Problem to solve: The reply to the records below should contain exactly the lines from the line with "Fischer Angler Birthday" through the line with "Dyberg Larsen Porter", and nothing besides.

Provided records:
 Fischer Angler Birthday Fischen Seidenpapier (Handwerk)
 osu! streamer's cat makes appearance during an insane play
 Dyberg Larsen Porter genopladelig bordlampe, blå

==

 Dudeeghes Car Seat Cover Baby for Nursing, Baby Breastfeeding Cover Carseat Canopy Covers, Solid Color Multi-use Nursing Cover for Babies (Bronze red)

Expected output:
 Fischer Angler Birthday Fischen Seidenpapier (Handwerk)
 osu! streamer's cat makes appearance during an insane play
 Dyberg Larsen Porter genopladelig bordlampe, blå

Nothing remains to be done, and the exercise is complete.